*TASK*. Word for word, restate the records that come next, omitting the images.
++++++
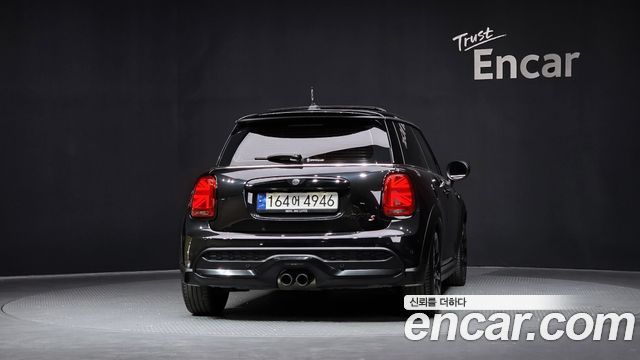 Mini Cooper 2023 — photo 4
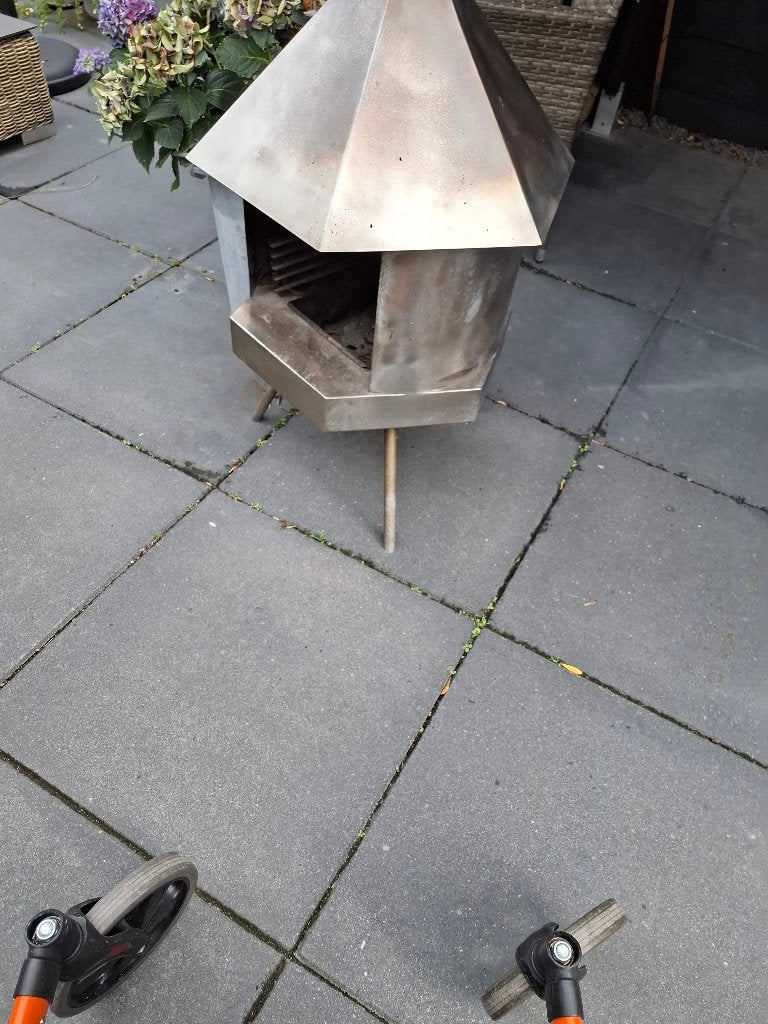Rvs tuinhaard.  Barbeque, Minder dan 3 m³, Ophalen, Beukenhout, Blokken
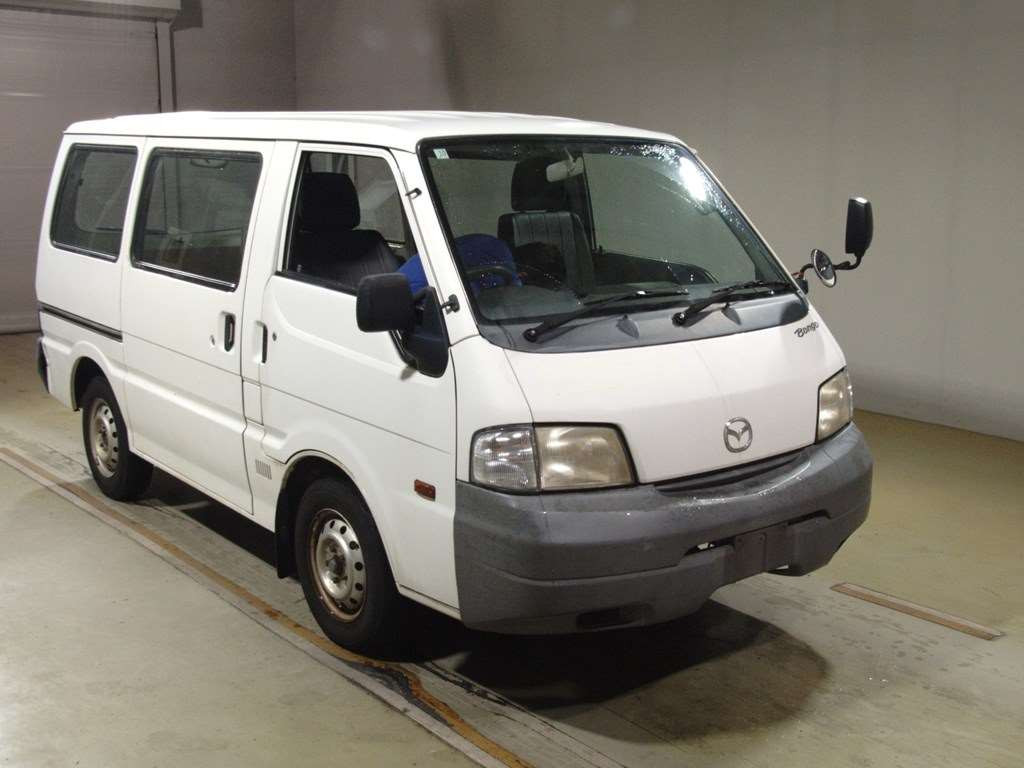 2013 Mazda Bongo Van SKP2V[2]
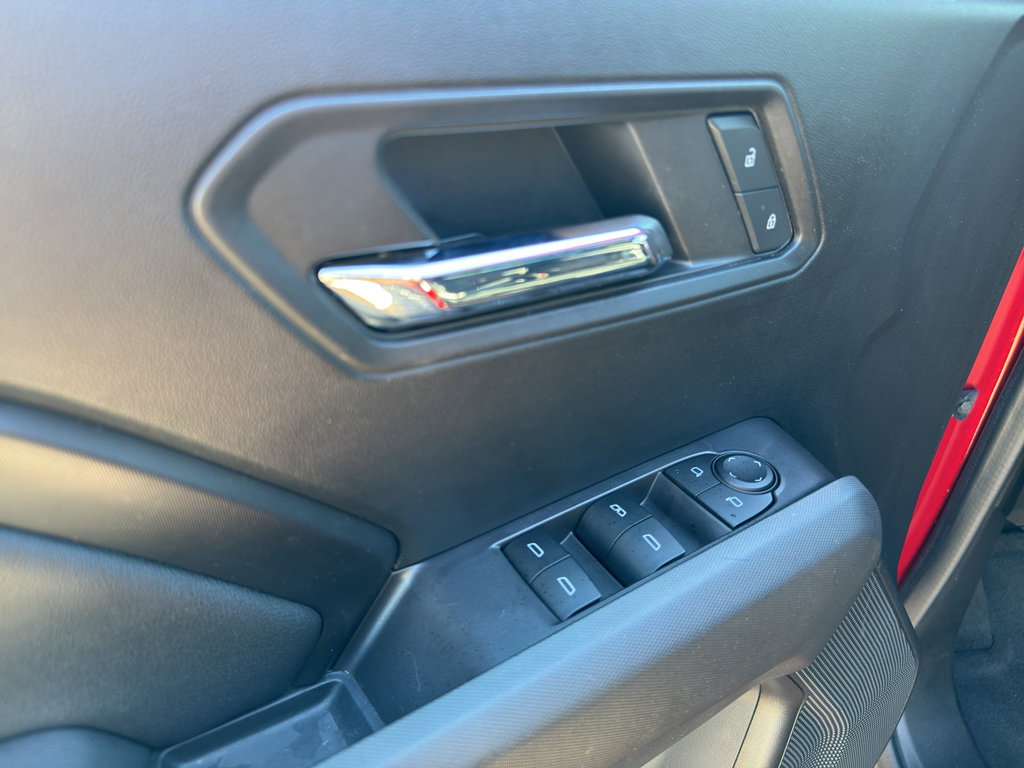 Used 2023 Chevrolet Colorado LT w/ LT Convenience Package II image 20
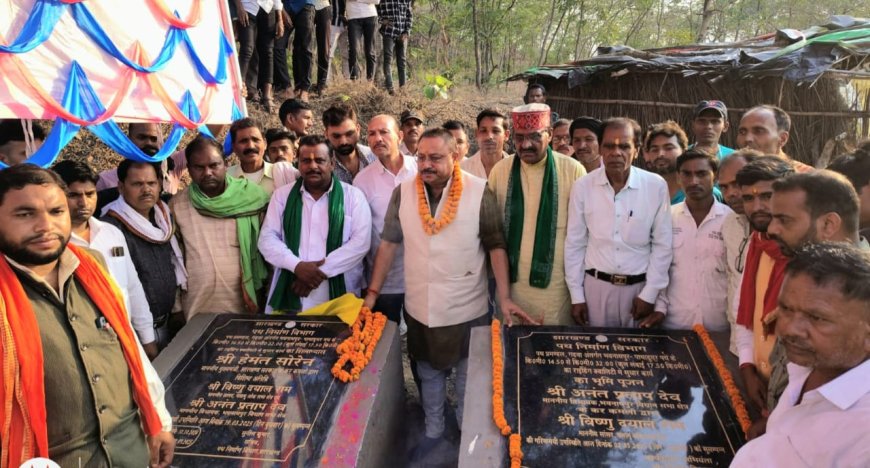 विधायक अनंत ने सड़क मरम्मती कार्य का किया भूमि पूजन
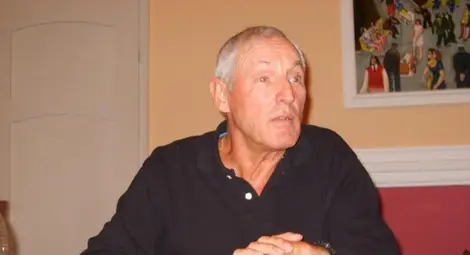 Познавач на световните религии пристига с книга за идолите на Изтока Познавач на световните религии пристига с книга за идолите на Изтока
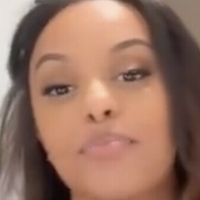 Ruth B. Nackt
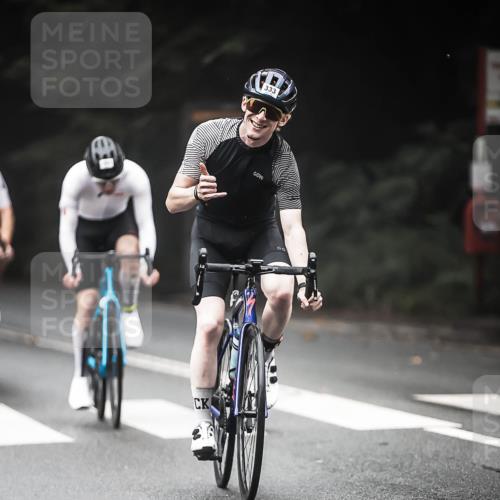 13.09.2026 - Stadtparktriathlon H.Heesch http://msf.ph/oto/10369312 13.09.2026 10:18:43 Radfahren 213, 233, 243, 300, 333, 368, 405, 412, 444 meine-sportfotos.de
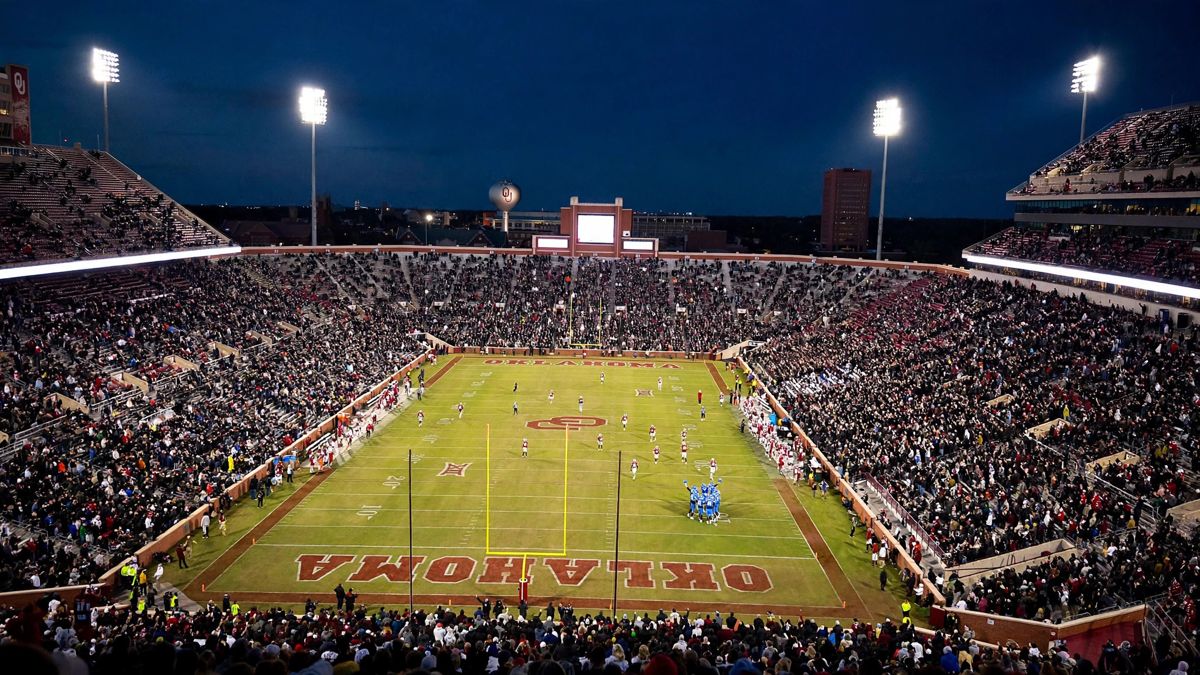 Kentucky Beat Oklahoma 21-13 as Sooners Throw Four Interceptions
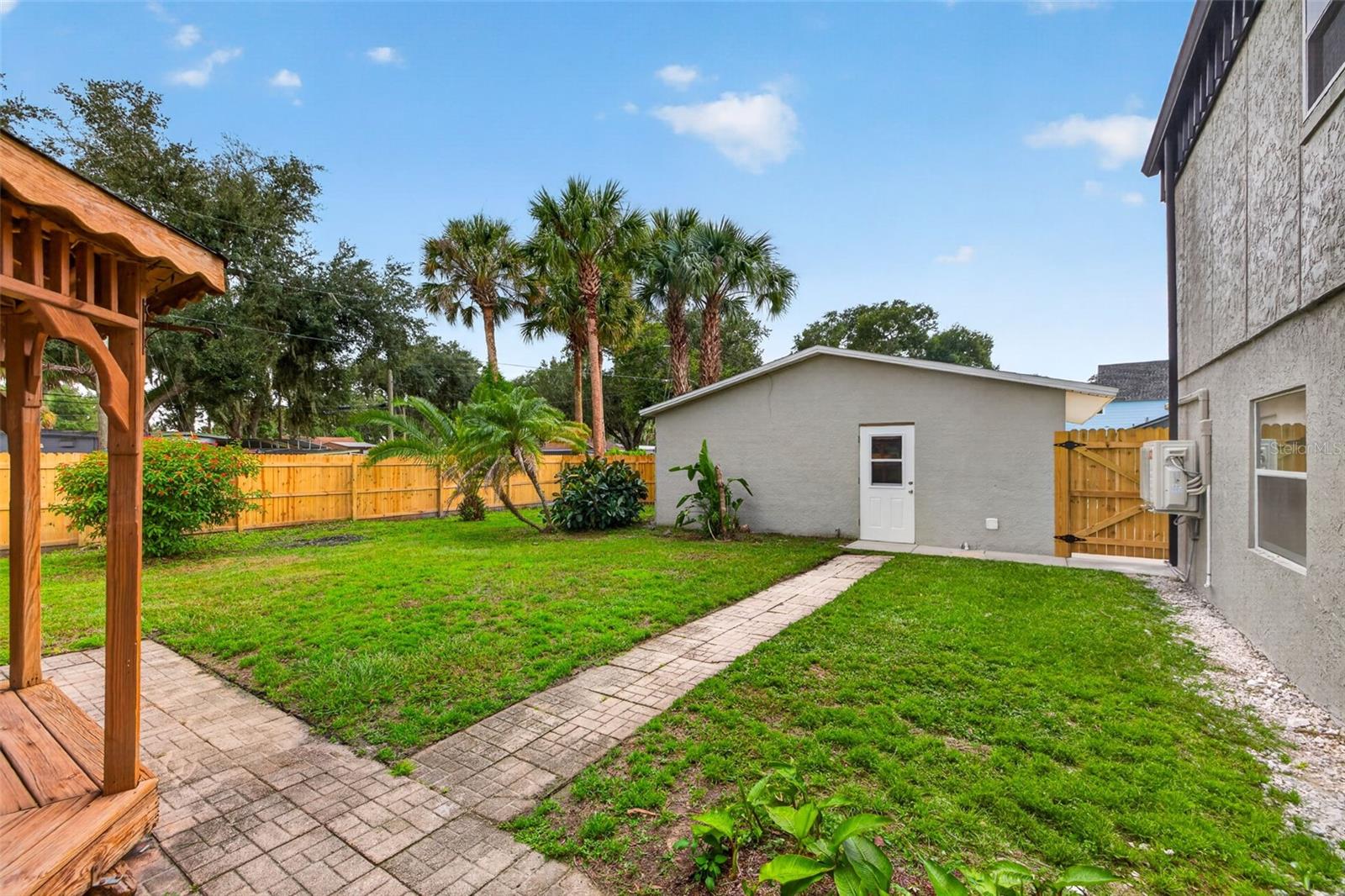 11317 SYLVAN GREEN LN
++++++
*ANSWER SPACE*.
 Mini Cooper 2023 — photo 4
Rvs tuinhaard.  Barbeque, Minder dan 3 m³, Ophalen, Beukenhout, Blokken
 2013 Mazda Bongo Van SKP2V[2]
 Used 2023 Chevrolet Colorado LT w/ LT Convenience Package II image 20
 विधायक अनंत ने सड़क मरम्मती कार्य का किया भूमि पूजन
 Познавач на световните религии пристига с книга за идолите на Изтока Познавач на световните религии пристига с книга за идолите на Изтока
 Ruth B. Nackt
 13.09.2026 - Stadtparktriathlon H.Heesch http://msf.ph/oto/10369312 13.09.2026 10:18:43 Radfahren 213, 233, 243, 300, 333, 368, 405, 412, 444 meine-sportfotos.de
 Kentucky Beat Oklahoma 21-13 as Sooners Throw Four Interceptions
 11317 SYLVAN GREEN LN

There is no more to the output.